CLIFF NOTES: This is a faster way to do Java interface calls!!!  Or maybe this is how they are impl'd?  Find the i-table from a list of implemented interfaces, then pull out the correct fcn from the i-index.  In his world the i-table is pulled out early and kept pulled out, which avoids the point-by-point lookup of interfaces.  Ahhh.... he's statically computing the i-table ahead of time during compilation, using some combo of type unification and the closed-universe assumption.  Not applicable to Java.

Able to handle fcns which themselves take arguments of fcns with any signature, as long as the fcn handles the correct interface.

Doing type-based dispatch instead of value-based dispatch.  Not the same as Java interfaces...
In Haskell, can bind a value arg to multiple interfaces all at once.
In Haskell, existing classes can be made instances of new interfaces (duck typing)

Haskell has NO subtyping, but uses the interface (well: type class) notion instead.

Haskell: types are inferenced typically, type annotations occasionally needed
Java: types are declared explicitly; inference occasionally possible

Haskell does type unification, so things like Java's 'equal' call - which is normally a fcn of (Object,Object)=>Bool - in Haskell, we KNOW ahead of time that the 2 args are of the exact same type.  Hence the implementations of various equals calls do not need to ask the "instanceof" question that all Java equals call implementations all start with.

Making Sense of Large Heaps
(Nick Mitchell, IBM)

Where does the memory go in large java apps.

Example from 2008, Cobol to Java.  In Cobol: 600 bytes; in Java 4492 bytes.
Blow up from delegation, bulky collections, or too many data fields.

Size examples: 58M objects, 3Gig ram, 8000+ types.

Yeti Tool - does smart cluster of datatypes (String w/char[], or HashMap w/HashMapEntry[], HashMapEntry, HashMapEntrySet).

Yeti also does dominance of sharing; notices single-owner root/tree bits, and then breaks out the shared parts at the leaves.  Also detect e.g., similar kinds of sharing, such as array B[] points to a set of B's; but also a linked list of Entry's points to the elements of B[] in turn.  Really lumping together things with the same owner; maximal dominance w/same ownership relationship.  Does nice heap shape summaries, followed by size info. 
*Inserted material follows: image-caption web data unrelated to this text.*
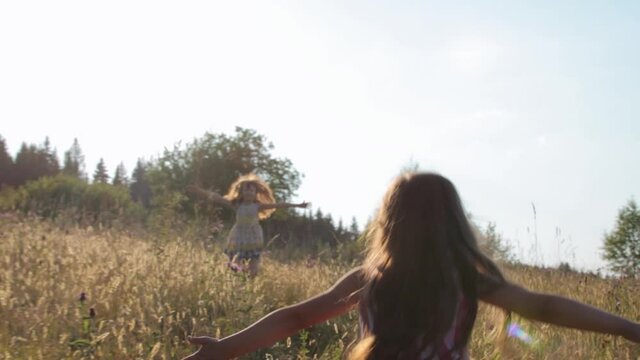 Two little girs running through summer field and embracing each other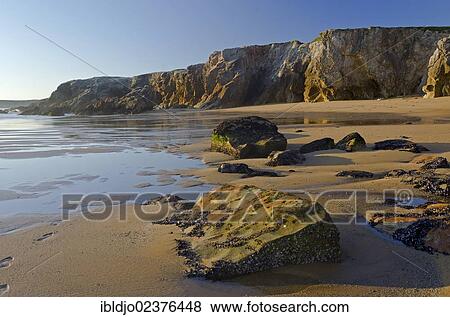 "Cliffs and beach at the Cote Sauvage on the west side of the Quiberon peninsula, southern Brittany, Bretagne, France, Europe" View Large Photo Image Stock Photo - "Cliffs and beach at the Cote Sauvage on the west side of the Quiberon peninsula, southern Brittany, Bretagne, France, Europe". Fotosearch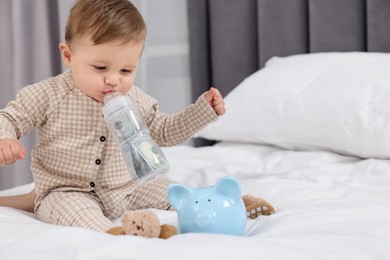 Photo of Cute little baby with money in bottle and piggybank on bed at home. Space for text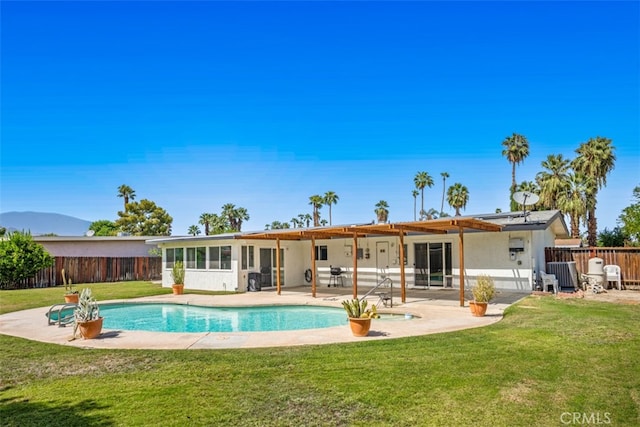 rear view of house featuring a patio area and a yard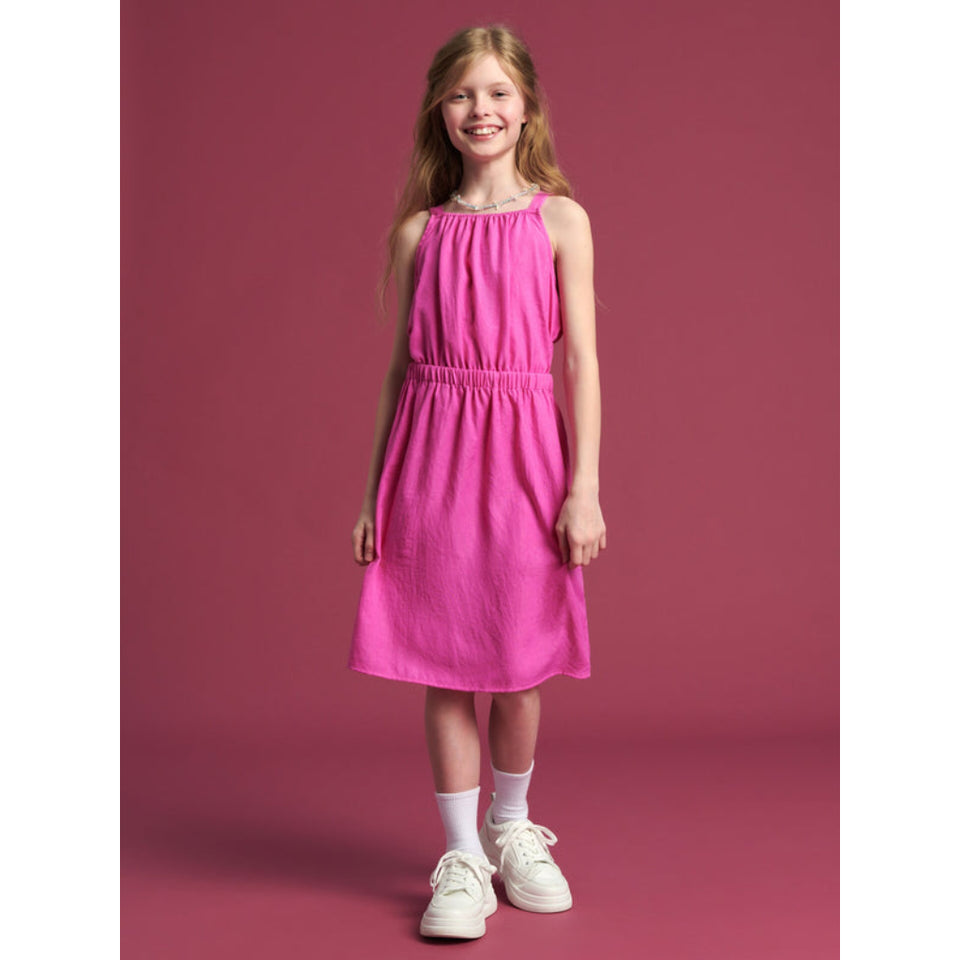 A young girl with long light brown hair stands against a solid dusty rose pink studio background, wearing a sleeveless bright pink midi dress, white socks, and white sneakers.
Picture is really alternate sandwich effect, alternating between the Collections you selected, and the user-data at that layer of the 'sandwich'.  Edges hold the various sizes of things.  They fold up collection 'backbones'. 

If we get the data structures right, can easily shrink heaps by 2x to 10x!!!  Huge speedups possible.  Shows examples of people using CHM to hold 1 element (but programmer doesn't want to think about expected size usage, so does the easy thing and grabs CHM).

Scaling CFL-Reachability-Based Points-To Analysis Using Context Sensitive Must-Not-Alias Analysis

Basically computes a must-not-alias approximation; where it holds do not bother to run a more expensive pts-too analysis.

Some experiments are medium programs (SpecJVM - 7 progs, Dacapo - 4 progs, 8 other progs).  Can compute pts-to graph in 2x to 5x smaller.  Compute time for the pts-to analysis is 3x faster on average than prior work (but still in the several minutes range)... but what do you do with the info?  (this is my standard question when presented with better/faster/new&improved points-to work: now that you have the info how much does it *really* help speed up programs?  especially compared to having strong typing in the first place)

Nice presentation of a pts-to analysis, but hit right at my sleepy jet-lag afternoon siesta; had trouble staying awake.

Intel NePalTM - Design and Implementation of Nested Parallelism for Transactional Memory Systems.  (Intel)

Issue is using locks instead a XTN; the locks are for the nested parallelism, but want the whole operation to be atomic.  Azul makes no attempt to use the HTM to span across threads.  Can't work for us, because the threads need to communicate through shared memory - and that shared memory will blow out the HTM. 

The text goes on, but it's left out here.